Generic Tree and Linked List Traversal in C#

When you think of traversing a tree, what comes to mind? Recursion? Looping with a stack? While both of these methods work perfectly well, neither has the elegance, convenience, composability, and laziness of IEnumerable-based traversal using LINQ. Luckily, it isn’t hard to “factor out” the mechanics of traversing trees and tree-like data structures such that we can cleanly process such objects with LINQ without writing lots of boilerplate code first. In this post we’ll look at a couple functions in the MedallionCollections NuGet package that do just that.

Linked lists

Let’s start with the simplest type of “tree”: a singly-linked list. Such a list is traversed by following the sequence of “next” references until we reach a null. We want to define an IEnumerable that executes this method of traversal. We could work with .NET’s built-in LinkedList class, but we want our approach to be more general. LinkedList is rarely used, but “natural” linked lists occur commonly in programming. Think about a “scope” class which holds a reference to an outer scope, or an Exception which stores an inner Exception.
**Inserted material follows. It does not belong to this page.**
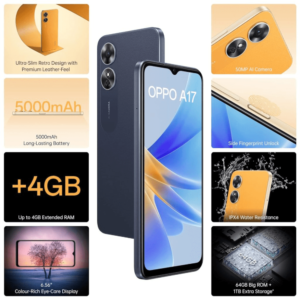Oppo A17 – 128GB Storage, 6GB RAM, Dual SIM – Midnight Black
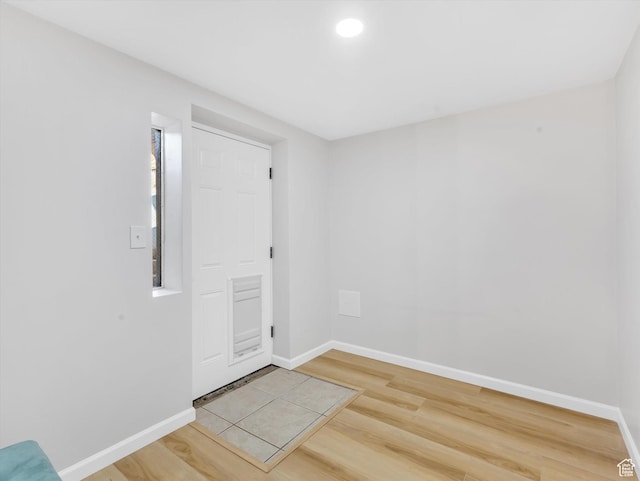 1293 N Buck Run Rd, Rush Valley, UT 84069 - entryway with light wood-style flooring, baseboards, and recessed lighting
Any class which holds a reference to it’s own type is a linked list!

Enumerating a linked list

With that definition in mind, we can write a generic traversal loop as follows:

T root = ...
Func<T, T> next = ...

for (var node = root; node != null; node = next(node))
{
    ...
}

First, let’s look at how we’ve abstracted away the concept of a linked list. Since there is no general interface which all naturally-occurring linked lists implement, we simply work with (a) the first element of the list and (b) a function to retrieve the next element. From these, we can write a simple for-loop that follows the chain of next elements until we reach the terminating null reference.

Encapsulating the enumeration

From there, all we need to do to genericize this is to turn it into an iterator block using yield return:

public static class Traverse
{
    public static IEnumerable<T> Along<T>(T root, Func<T, T> next)
        where T : class
    {
        if (next == null) { throw new ArgumentNullException(nameof(next)); }

        return AlongIterator(root, next);
    }

    private static IEnumerable<T> AlongIterator<T>(T root, Func<T, T> next)
        where T : class
    {
        for (var node = root; node != null; node = next(node))
        {
            yield return node;
        }
    }
}

The separation of the code into two methods is just an example of this pattern to ensure eager argument validation. The real meat of the code is in AlongIterator. Under the hood, the C# compiler does the hard work of turning our simple for-loop into a stateful IEnumerator object which lazily advances as new elements are requested. This method may look familiar; I’ve mentioned it previously in this post.

Let’s put it to work!

Here are some examples of how this can be used:

// grabbing the innermost exception
var innermost = Traverse.Along(exception, ex => ex.InnerException).Last();

// traversing a LinkedList<T> backwards
var list = new LinkedList<int>(new[] { 1, 2, 3, 4 });
var reverse = Traverse.Along(list.Last, n => n.Previous).Select(n => n.Value);

We can even use this method to “traverse” sequences that don’t physically exist in memory but where each next element can be derived from the previous element. For example, here’s a random walk:

var random = new Random(1);
var infiniteRandomWalk = Traverse.Along(new { value = 0 }, v => new { value = v.value + random.Next(-1, 2) }); 

Trees

Ok enough with linked lists. We started out by discussing arbitrary trees where each node may have multiple children. Much like before, we want to define trees in a super generic way:

T root = ...; // the root node of the tree
Func<T, IEnumerable<T>> children = ...; // gets the children of a node

Unlike with linked lists, there’s no single standard order to traversing a tree. Should we start with the root nodes or the leaf nodes? Do we go level-by-level or subtree-by-subtree? Let’s focus on one common approach: depth-first traversal.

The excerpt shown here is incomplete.